I have been to a number of political rallies. I have seen people clap and cheer. I have felt the energy of the crowd. But I have never seen people cry at the sight of a politician. What is going on here?
It’s not a stretch, I believe, to say a Trump rally is archetypal. Later in this series on propaganda, I will discuss myth in more detail. Here, I will simply say that an archetype, a mythic pattern, has force because an event in the real world connects with something inside the individual. That something is fundamental to human nature, essential to the historical/cultural context, and evocative of deep memories. If the memories evoked are traumatic, if the event fills a space that has long been empty in the person, bringing a transitory sense of wholeness, then the experience is even more powerful.
As any fan of the Star Wars sagas knows, the search for the father is an archetypical experience. This search is at the core of propaganda.
J.M. Coetzee’s “The Vietnam Project” is a short story about Eugene Dawn who is tasked with developing a propaganda program during the Vietnam War. It is clear, as the story progresses, that the project, which is designed to destroy opposition to America’s war effort, is also destroying Dawn himself. Included in the short story is the complete text of Dawn’s report on how “to win the hearts and minds” (a phrase LBJ often repeated) of the Vietnamese people. Dawn’s report, of course, was actually written by Coetzee, a Noble Prize winner, and it is, not surprisingly, filled with brilliant insights. For the sake of simplicity, as I quote from Dawn’s report, I will attribute it to Coetzee.
One of the most interesting insights in the report is the focus on the mythic father.
Coetzee writes, “The father is authority, infallibility, ubiquity. He does not persuade, he commands.” This means that the voice of a propaganda campaign is the voice of the mythic father. As I explained in my “Divided America” series, a hierarchical family structure generates the authoritarian personality, and the authoritarian personality seeks out a “strong” leader, the mythic father.

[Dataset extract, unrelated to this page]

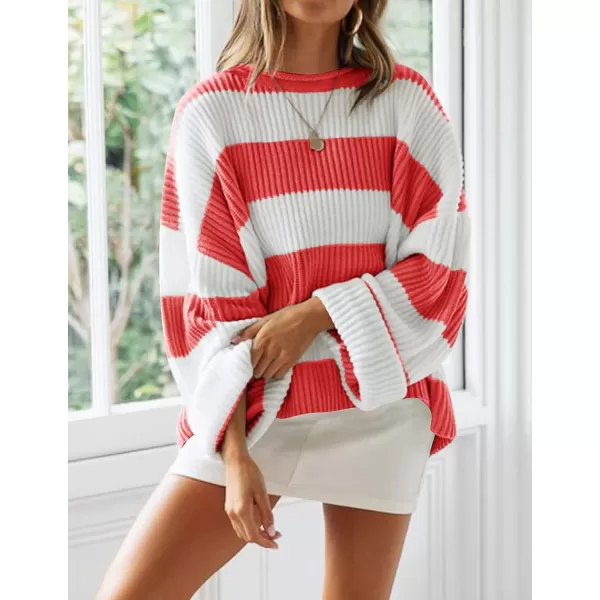 imageZESICA Womens Long Sleeve Crew Neck Striped Color Block Comfy Loose Oversized Knitted Pullover SweaterWatermelon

Here is my summarization of this family structure from major studies on the authoritarian personality, the type of person who is likely to become part of a political mob:
The people who have an “authoritarian personality” are born in trauma. The original trauma for most of us is our family of origin, although this is certainly not the only trauma that might leave people vulnerable to charismatic leaders. Within the hierarchical and rigid family, the trauma is usually created by the distant and abusive father who demands perfection and withholds love.
The trauma of the family is more fundamental because it disrupts a person’s maturation, which means the person does not construct an integrated self and is left with few resources to bring order to a chaotic inner life.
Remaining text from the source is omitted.